* [WORK ORDER]: For every line in the material, output its text exactly and exclude any image it holds.

* [INPUT DATA]:
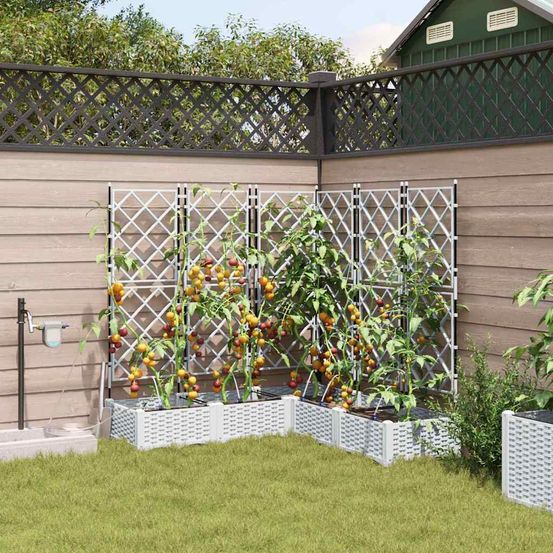 Grand bac carré 120cm avec treillis et système d'irrigation acier blanc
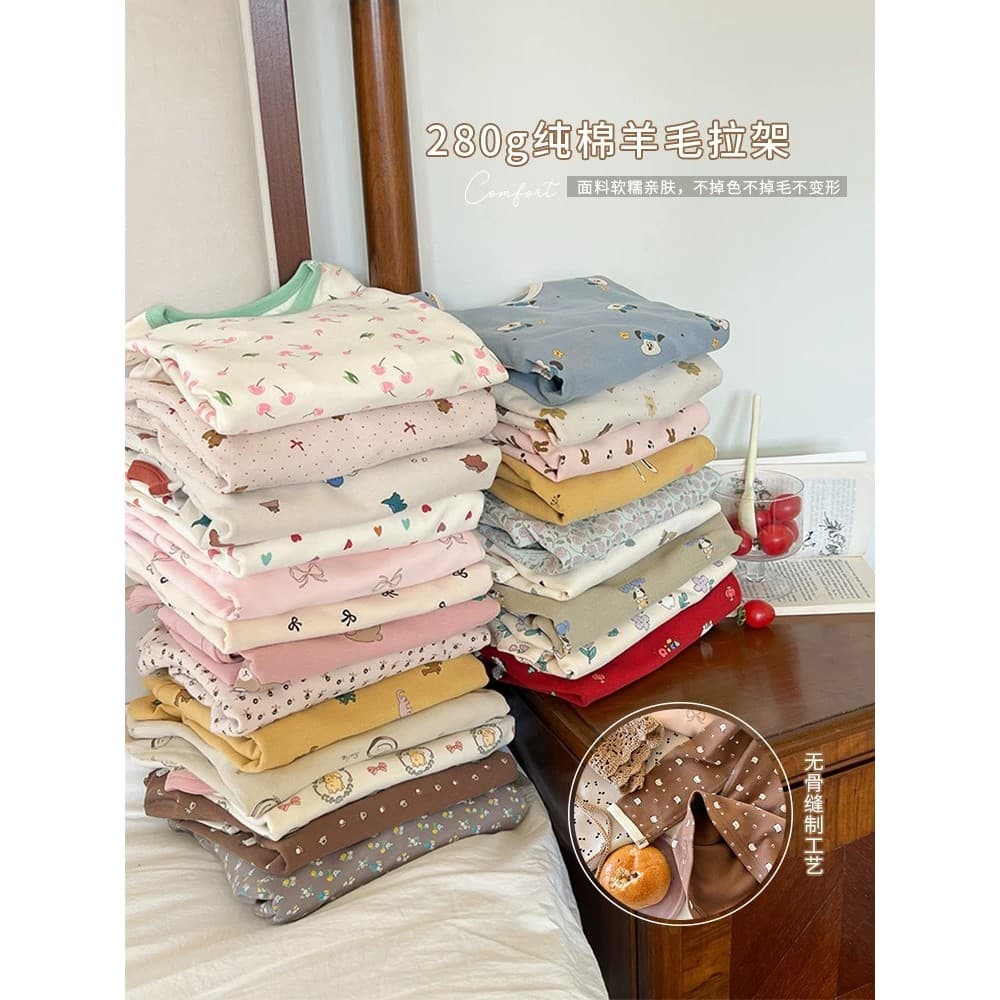 Conjunto de roupa íntima térmica de algodão puro para meninos e meninas, roupas para casa de bebê, roupas de outono, cal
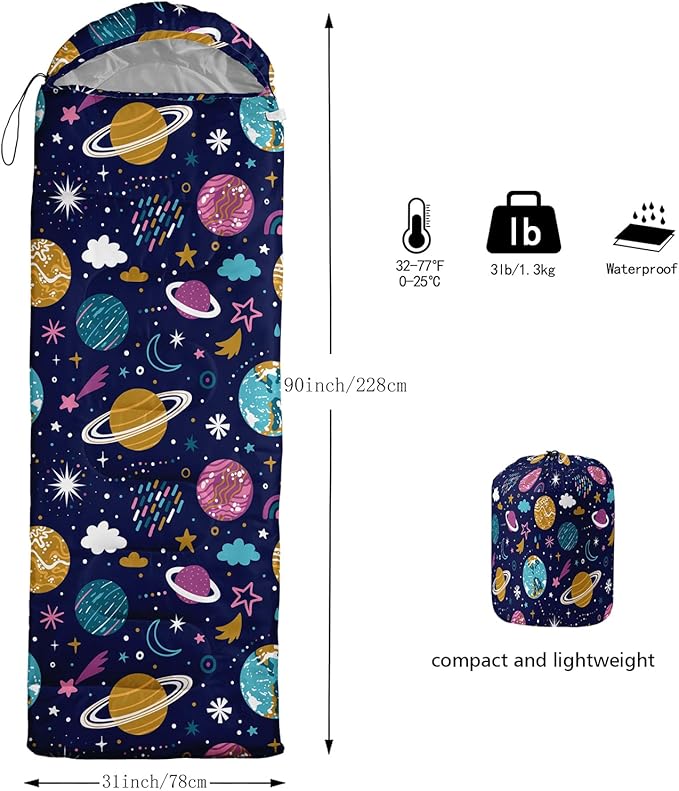 Print sleeping bagsleeping bagsOutdoor Camping Sleeping BagSuitable For Children Boys And Girls PortableWaterproofCompact And LightweightGreat For Outdoor CampingBackpacking And Hiking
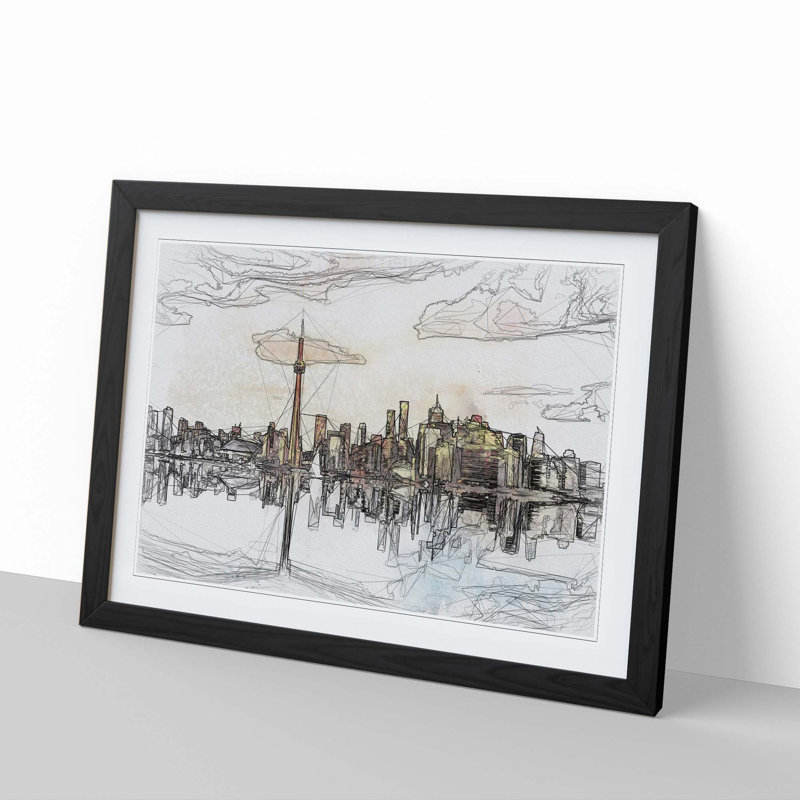 Reflection of the Toronto Skyline in Abstract - Picture Frame Graphic Art Print, 62cm H x 87cm W x 2cm D, Black Framed
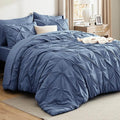 Bedsure King Size Comforter Set Slate Blue - Bed in a Bag Bedding Set 7 Pieces, GentleSoft™ Pintuck Bed Set Gift for Family, Pinch Pleat Slate Blue Comforter with Sheets, Pillowcases & Shams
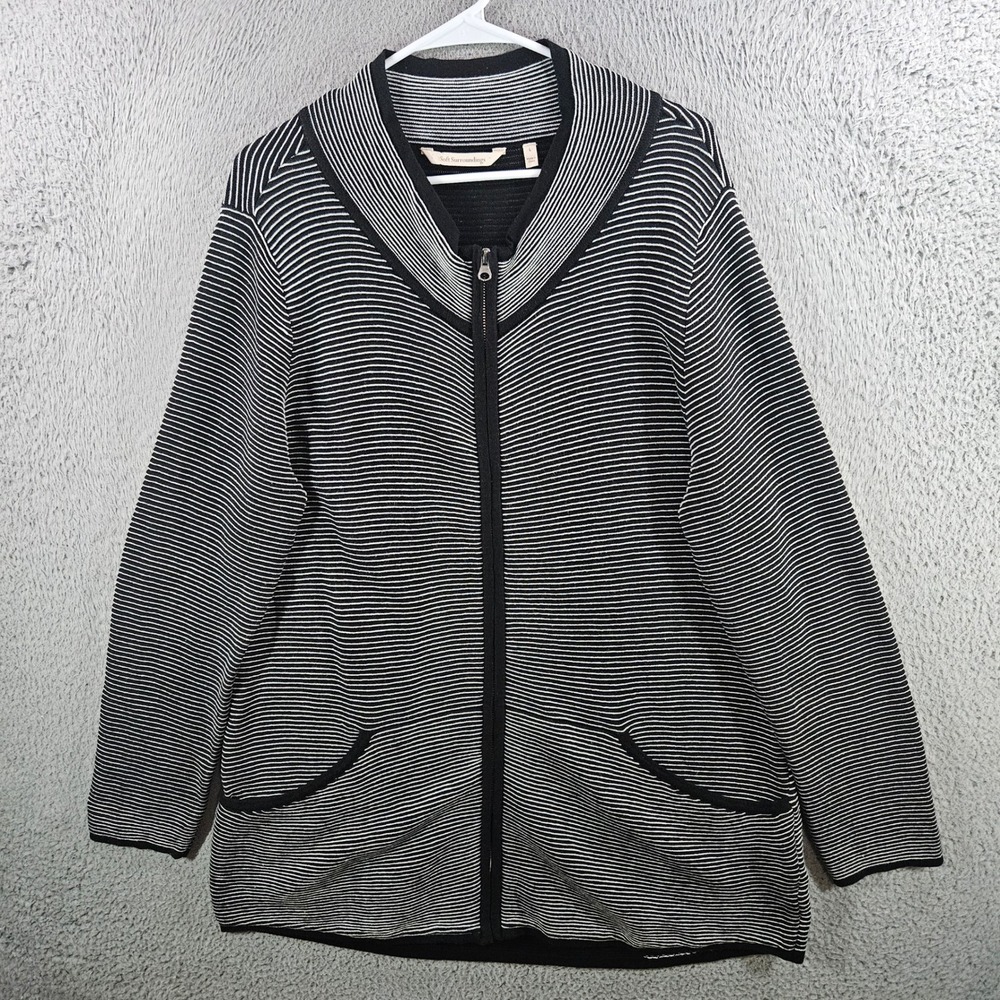 Soft Surroundings Black White Striped Zip Front Cardigan Sweater Womens L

* [RESULT FOR THIS TASK]:
 Grand bac carré 120cm avec treillis et système d'irrigation acier blanc
 Conjunto de roupa íntima térmica de algodão puro para meninos e meninas, roupas para casa de bebê, roupas de outono, cal
 Print sleeping bagsleeping bagsOutdoor Camping Sleeping BagSuitable For Children Boys And Girls PortableWaterproofCompact And LightweightGreat For Outdoor CampingBackpacking And Hiking
 Reflection of the Toronto Skyline in Abstract - Picture Frame Graphic Art Print, 62cm H x 87cm W x 2cm D, Black Framed
 Bedsure King Size Comforter Set Slate Blue - Bed in a Bag Bedding Set 7 Pieces, GentleSoft™ Pintuck Bed Set Gift for Family, Pinch Pleat Slate Blue Comforter with Sheets, Pillowcases & Shams
 Soft Surroundings Black White Striped Zip Front Cardigan Sweater Womens L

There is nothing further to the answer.